**Task**
Each line of the data must be written out again verbatim; no image belongs in the copy.

(Brief descriptive captions)

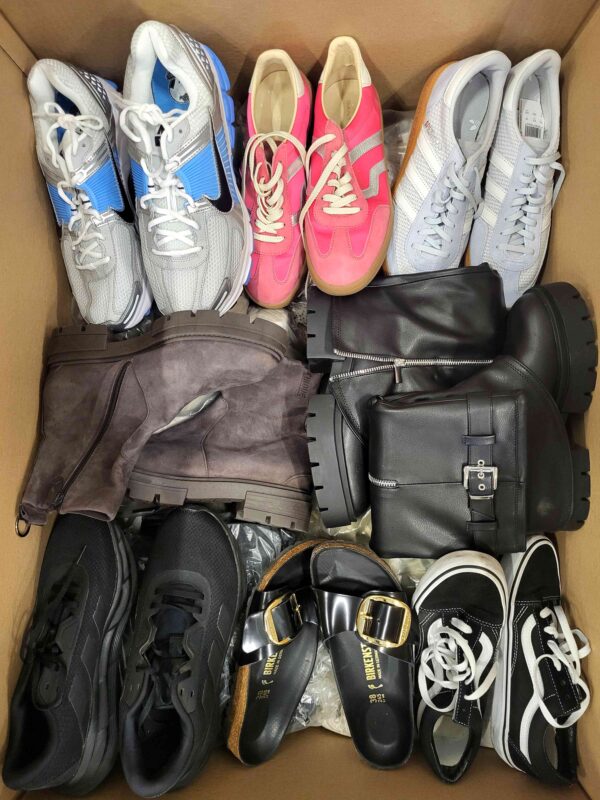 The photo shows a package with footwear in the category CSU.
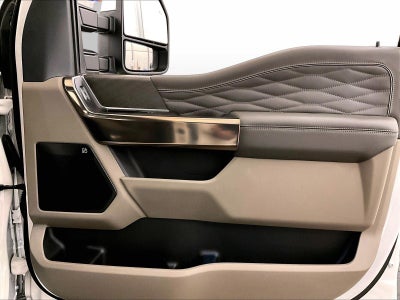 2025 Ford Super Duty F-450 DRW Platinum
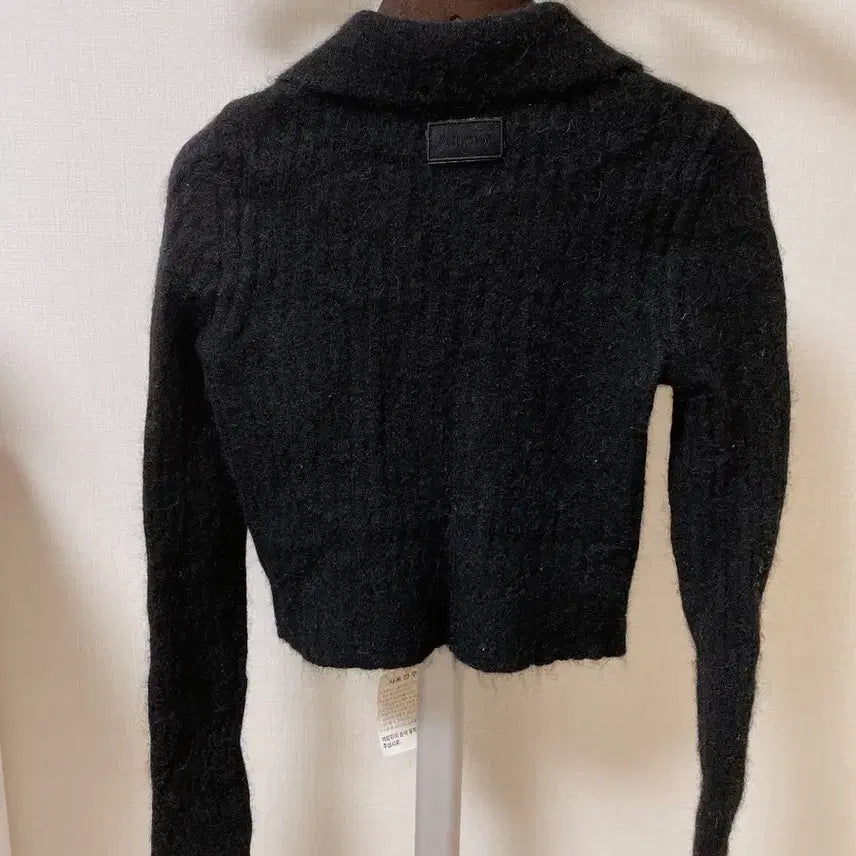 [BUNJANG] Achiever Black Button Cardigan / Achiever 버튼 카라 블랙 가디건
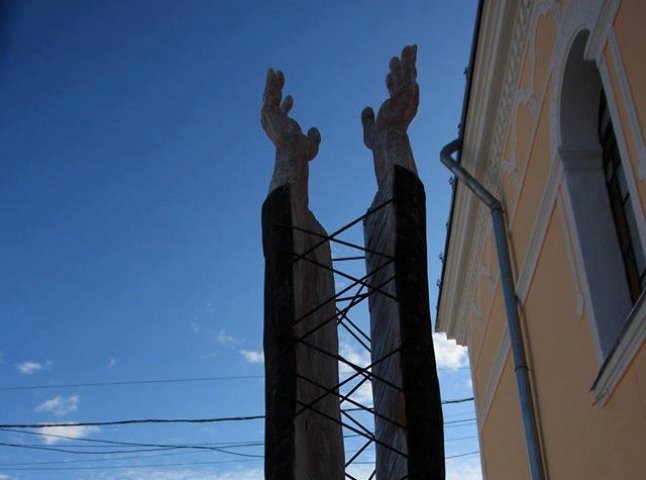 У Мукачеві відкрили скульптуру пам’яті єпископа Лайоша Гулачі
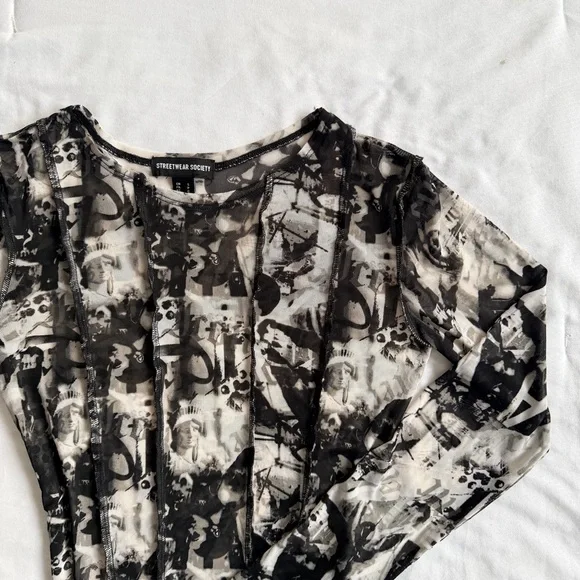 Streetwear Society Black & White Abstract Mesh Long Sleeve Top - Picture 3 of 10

**Solved problem**
 The photo shows a package with footwear in the category CSU.
 2025 Ford Super Duty F-450 DRW Platinum
 [BUNJANG] Achiever Black Button Cardigan / Achiever 버튼 카라 블랙 가디건
 У Мукачеві відкрили скульптуру пам’яті єпископа Лайоша Гулачі
 Streetwear Society Black & White Abstract Mesh Long Sleeve Top - Picture 3 of 10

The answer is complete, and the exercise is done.